I wouldnt jump into any commercial accounts with seasonal contracts right away. Those can be a nightmare real fast. especially in syracuse. so for the first year i would stick with per push accounts. And dont be afraid to tell people no if there driveway is from hell. I learned that one the hard way. some driveways just arent worth it.


----------



## Dissociative (Feb 28, 2007)

SnoFarmer;555568 said:


> Do you like getting up at 1am?
> Working for days with out much if any sleep?
> Do you LOVE snow?


Yes.............., Yes................., YES!!!

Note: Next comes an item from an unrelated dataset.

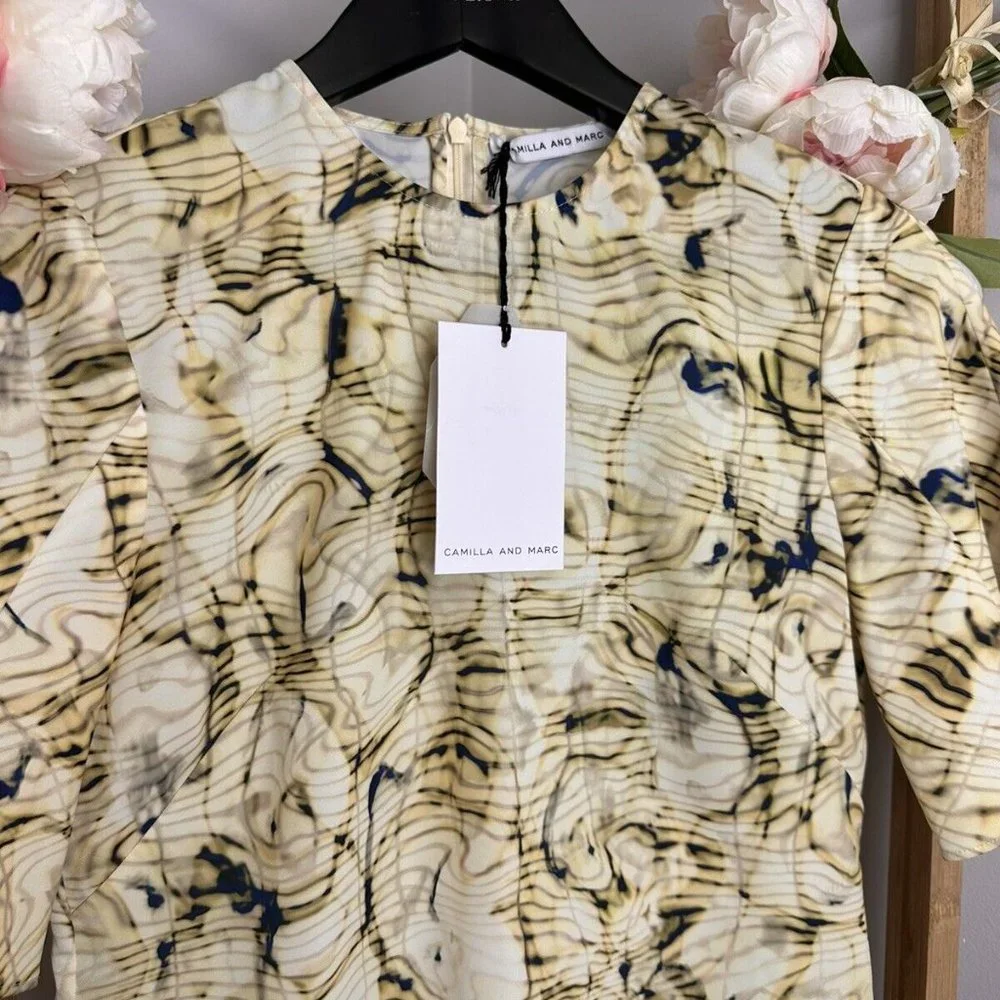 Camilla & Marc Caspian Top BNWT Size 8 RRP $350 - Picture 4 of 5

Sorry, had to do it..lol...
good luck....wish i was more help but here's a bump anyway..


----------



## krazeehorse (Jul 3, 2008)

Start out slow. I think you'll find that sitting in the truck for extended hours plowing is more physical than it sounds.


----------



## Charles (Dec 21, 1999)

Please keep this to Snow plowing only. For your questions on Lawncare part of the thread, try our other site: http://www.lawnsite.com/
thanks!


----------



## LawnProLandscapes (Nov 15, 2007)

you sure your going to be able to endure the physical aspect of this line of work? not trying to discourage you, plus i dont know what your disability is but just make sure you have really thought this through... jmo


----------



## RLM (Jan 12, 2006)

Check & double check your numbers with your market. We aren't that far (Rochester) & have relatives in your area, your pricing seems WAAAAY high for the market. If you can get it more power to you.


----------